Changes in invoicing rules
From 1 July 2020, the invoices shall be issued within 8 days from the date of the completion, a reduction from the current 15 days.
The requirement for the mandatory data content of the invoices also changes. Accordingly, at least the first 8 digits of the tax number of the buyer as domestic taxable person must be shown on the invoice, regardless of whether the document contains any VAT passed on or in what amount.
According to the legal wording, the obligatory data content of the invoice is the first eight digits of the “tax number or, in the case of a group VAT group, the group identification number of the customer acquiring the service, under which the supply of goods or services was made to a domestically registered taxable person, provided that the seller or service provider is established in the country for economic purposes and, in the absence of establishment for economic purposes, is domiciled or habitually resident ‘.
In this regard, it should be emphasized that in the case of a transaction subject to domestic reverse taxation, the 11 digits of the tax number must be entered on the invoice, the indication of the first 8 digits is not sufficient.
The buyer’s tax number shall be indicated for the first time on the invoices issued on transactions that are completed (the completion date is) after 30 June 2020, regardless of the amount of the value added tax.
Temporarily, invoices issued for a transaction that completed after 30 June 2020, which yet does not include the buyer’s tax number, may still be acceptable for VAT deduction if it was issued before 1 July 2020 and the tax is less than HUF 100,000.
It is important to check before accepting an incoming invoice that your partner has also included the customer’s tax number on the invoice. We encourage you to send information to all our partners, even by forwarding this email.
Reporting invoices to the tax office
Again from 1 July 2020, data on each and every domestic transaction and invoice issued to domestically registered taxable persons shall be sent to NAV (tax office) electronically.
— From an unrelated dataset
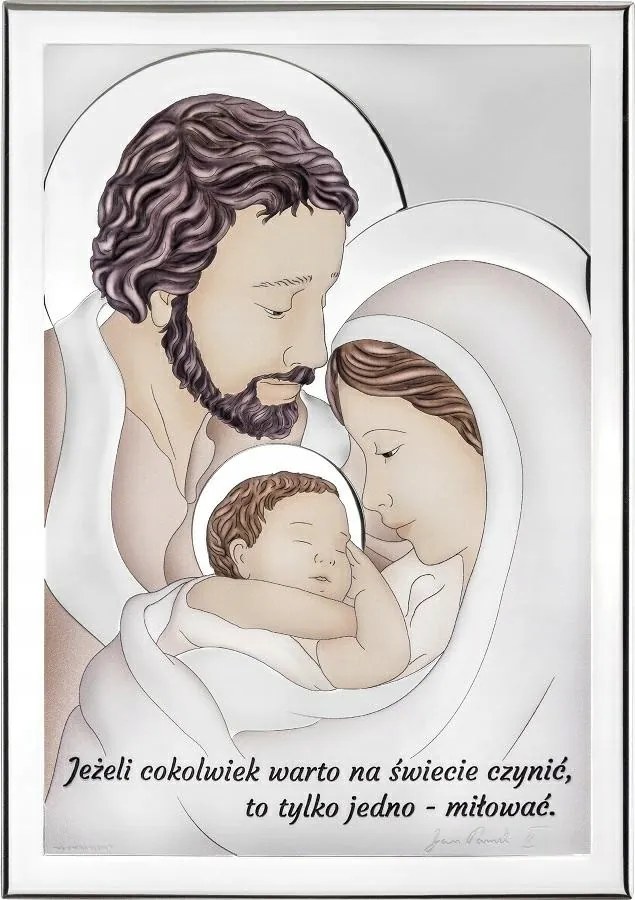 Ajándék Esküvő Évforduló Ajándék Kép Szent Család Ezüst Kép Gravírozás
The change compared to the previous rule is that so far only invoices with a VAT amount of HUF 100,000 or more had to be submitted to the tax authority. This means that the threshold has been removed and subsequently from 1 July the tax office will see literally all invoices between domestic businesses.
The reporting is also applicable on transactions between domestically registered taxable person that bear reverse charge vat or exemption from vat.
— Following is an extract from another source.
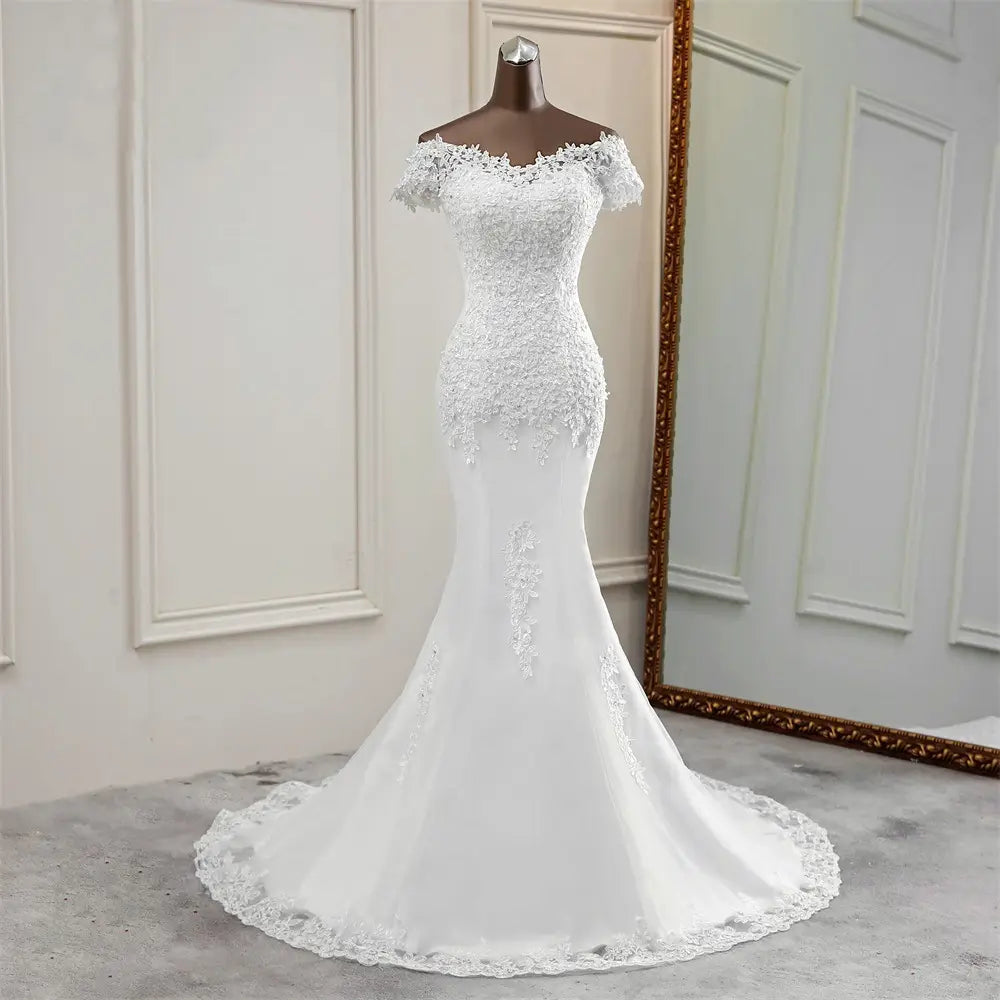 Exquisite lace mermaid wedding dress for luxury fashion for women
If someone still uses manual invoices then they shall report all their sales invoices to domestic vat registered entities:
in one day if the vat amount of the invoice reaches or exceeds HUF 500,000
in four days in other cases.
From 2021, the provision of data will be extended to such an extent that only exceptions are mentioned in the legislation:
All invoices must be reported, except:
invoices issued for the supply of goods or services which are effected in another Member State of the Community and which, in respect of the supply of goods or services, satisfy the taxable person’s tax liability under the special rules for taxable persons providing services which may be supplied at a distance.
Subsequently, all invoices will be subject to reporting, including:
invoices issued to individuals (the data will not include the buyer’s personal data)
invoices issued for the supply of goods and services in the Community; and
invoices for export sales.
According to the plan from 2021, the tax office (NAV) will prepare a draft VAT return for taxpayers based on the data provided. Details of this have not yet been published by the tax authority.
We strongly recommend businesses still using manual invoices to switch to using a billing software or online billing. These can be linked to the tax office’s database directly, and so the reports would go instantly and automatically.
VAT report: change in the domestic recapitulative statements (“M-sheets”)
Legislation introduced on 1 January 2013 and amended on 1 January 2015, required taxable persons to complete, as part of their VAT returns, a domestic recapitulative statement on all transactions in which the VAT content reaches or exceeds HUF 1,000,000.
The rules on domestic recapitulative statements changed in 2017 when the reporting threshold was brought down to HUF 100,000.
Currently, in line with the invoice reporting rules, the value limit of HUF 100,000 will also be abolished in the case of domestic recapitulative statements from 1 July 2020. This means all incoming invoices must be included in the recapitulative statement, on the basis of which the taxable person will deduct VAT. VAT-exempt invoices do not have to be entered on “sheet M”.
The recapitulative statement must continue to show the full amount of the tax base and the value added tax on the invoice received, regardless of whether the recipient of the invoice exercises their right to deduct only partially.